Fitting of sines and cosines

Fits a sum of sines and cosines, where the highest order is determined by the protected window span window_length in units of time. A robustification (iterative sigma-clipping of 2-sigma outliers until convergence) is available by setting the parameter robust=True. Example usage:

flatten_lc, trend_lc = flatten(
    time,                 # Array of time values
    flux,                 # Array of flux values
    method='cosine',
    robust='True',        # iterative sigma-clipping of 2-sigma outliers until convergence
    window_length=0.5,    # Protected window span in units of ``time``
    break_tolerance=0.5,  # Split into segments at breaks longer than that
    return_trend=True,    # Return trend and flattened light curve
    )

SuperSmoother

Friedman’s (1984) Super-Smoother, a local linear regression with adaptive bandwidth. Does not provide edge_cutoff, but benefits greatly from using a sensible break_tolerance. Example usage:

flatten_lc, trend_lc = flatten(
    time,                 # Array of time values
    flux,                 # Array of flux values
    method='supersmoother',
    window_length=0.5,    # The knot distance in units of ``time``
    break_tolerance=0.5,  # Split into segments at breaks longer than that
    return_trend=True,    # Return trend and flattened light curve
    cval=None             # Bass enhancement (smoothness)
    )

Note

cval determines the bass enhancement (smoothness) and can be None or in the range 0 < cval < 10. Smaller values make the trend more flexible to fit out small variations.

Savitzky-Golay savgol

Sliding segments are fit with polynomials (Savitzky & Golay 1964). This filter is cadence-based (not time-windowed), so that window_length must be an integer value. If an even integer is provided, it is made uneven (a requirement) by adding 1. The polyorder is set by cval (default: 2 - the best value from our experiments).

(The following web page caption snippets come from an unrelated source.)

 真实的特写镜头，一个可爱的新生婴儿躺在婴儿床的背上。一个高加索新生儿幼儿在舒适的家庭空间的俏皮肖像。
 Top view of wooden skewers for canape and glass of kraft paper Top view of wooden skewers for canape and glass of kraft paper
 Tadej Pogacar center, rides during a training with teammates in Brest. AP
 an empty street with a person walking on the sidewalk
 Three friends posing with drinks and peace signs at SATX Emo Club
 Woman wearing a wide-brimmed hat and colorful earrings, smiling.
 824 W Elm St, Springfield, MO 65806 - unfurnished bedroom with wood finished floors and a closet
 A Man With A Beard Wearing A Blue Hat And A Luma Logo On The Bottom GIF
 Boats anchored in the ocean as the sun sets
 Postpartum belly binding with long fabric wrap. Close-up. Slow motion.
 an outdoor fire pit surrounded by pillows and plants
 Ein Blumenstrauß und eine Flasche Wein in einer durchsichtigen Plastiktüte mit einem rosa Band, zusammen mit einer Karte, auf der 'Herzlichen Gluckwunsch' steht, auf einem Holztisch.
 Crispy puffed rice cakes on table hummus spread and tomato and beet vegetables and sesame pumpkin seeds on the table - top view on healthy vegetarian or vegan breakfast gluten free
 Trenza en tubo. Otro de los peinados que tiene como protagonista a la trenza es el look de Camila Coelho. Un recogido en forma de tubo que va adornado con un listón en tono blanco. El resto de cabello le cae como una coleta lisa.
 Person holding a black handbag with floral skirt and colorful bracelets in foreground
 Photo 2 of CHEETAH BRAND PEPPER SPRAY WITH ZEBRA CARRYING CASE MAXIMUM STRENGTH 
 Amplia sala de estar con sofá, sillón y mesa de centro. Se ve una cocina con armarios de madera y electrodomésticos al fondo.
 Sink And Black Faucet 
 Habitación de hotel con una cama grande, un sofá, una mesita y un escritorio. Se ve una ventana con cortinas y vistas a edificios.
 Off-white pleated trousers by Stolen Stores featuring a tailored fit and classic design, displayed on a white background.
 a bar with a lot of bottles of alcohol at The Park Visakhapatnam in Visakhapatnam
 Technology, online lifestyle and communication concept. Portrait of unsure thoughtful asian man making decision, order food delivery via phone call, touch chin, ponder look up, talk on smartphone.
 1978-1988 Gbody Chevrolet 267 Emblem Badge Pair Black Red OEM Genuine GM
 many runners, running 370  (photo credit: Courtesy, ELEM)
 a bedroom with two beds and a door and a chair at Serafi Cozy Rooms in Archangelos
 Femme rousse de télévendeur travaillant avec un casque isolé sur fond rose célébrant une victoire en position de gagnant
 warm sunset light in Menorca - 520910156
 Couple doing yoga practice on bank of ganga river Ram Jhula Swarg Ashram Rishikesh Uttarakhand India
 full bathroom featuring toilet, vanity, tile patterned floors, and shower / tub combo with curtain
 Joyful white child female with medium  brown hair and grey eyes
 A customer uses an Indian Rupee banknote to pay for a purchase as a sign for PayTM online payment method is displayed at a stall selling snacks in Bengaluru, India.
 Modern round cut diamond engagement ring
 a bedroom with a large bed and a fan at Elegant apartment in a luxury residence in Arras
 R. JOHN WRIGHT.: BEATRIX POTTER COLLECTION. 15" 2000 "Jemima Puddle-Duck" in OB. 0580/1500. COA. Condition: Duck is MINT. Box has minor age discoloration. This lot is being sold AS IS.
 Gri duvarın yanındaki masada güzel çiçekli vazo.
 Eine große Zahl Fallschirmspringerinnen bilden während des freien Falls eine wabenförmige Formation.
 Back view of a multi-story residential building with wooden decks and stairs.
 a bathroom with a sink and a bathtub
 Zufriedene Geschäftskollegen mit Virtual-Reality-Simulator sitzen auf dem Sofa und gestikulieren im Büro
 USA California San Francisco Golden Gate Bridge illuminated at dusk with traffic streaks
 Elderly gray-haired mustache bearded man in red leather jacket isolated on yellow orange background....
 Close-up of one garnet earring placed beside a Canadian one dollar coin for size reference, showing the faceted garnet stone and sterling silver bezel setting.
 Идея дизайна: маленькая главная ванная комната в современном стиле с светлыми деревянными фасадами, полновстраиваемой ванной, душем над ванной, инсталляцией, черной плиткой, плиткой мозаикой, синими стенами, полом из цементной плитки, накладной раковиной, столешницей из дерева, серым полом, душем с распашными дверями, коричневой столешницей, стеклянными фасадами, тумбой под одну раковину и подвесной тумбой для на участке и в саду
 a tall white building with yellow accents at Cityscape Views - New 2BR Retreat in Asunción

Does not provide edge_cutoff, but benefits from using a sensible break_tolerance.

Example usage:

flatten_lc, trend_lc = flatten(
    time,                 # Array of time values
    flux,                 # Array of flux values
    method='savgol',
    cval=2,               # Defines polyorder
    window_length=51,     # The window length in cadences
    break_tolerance=0.5,  # Split into segments at breaks longer than that
    return_trend=True,    # Return trend and flattened light curve
    )

Gaussian Processes

Available kernels are :

  • squared_exp Squared-exponential kernel, with option for iterative sigma-clipping
  • matern Matern 3/2 kernel, with option for iterative sigma-clipping
  • periodic Periodic kernel informed by a user-specified period
  • periodic_auto Periodic kernel informed by a Lomb-Scargle periodogram pre-search

GPs do not provide edge_cutoff, but benefit from using a sensible break_tolerance.

Example usage:

flatten_lc, trend_lc = flatten(
    time,                 # Array of time values
    flux,                 # Array of flux values
    method='gp',
    kernel='squared_exp', # GP kernel choice
    kernel_size=10,       # GP kernel length
    break_tolerance=0.5,  # Split into segments at breaks longer than that
    return_trend=True,    # Return trend and flattened light curve
    )

Note

The sensible kernel_size varies between kernels.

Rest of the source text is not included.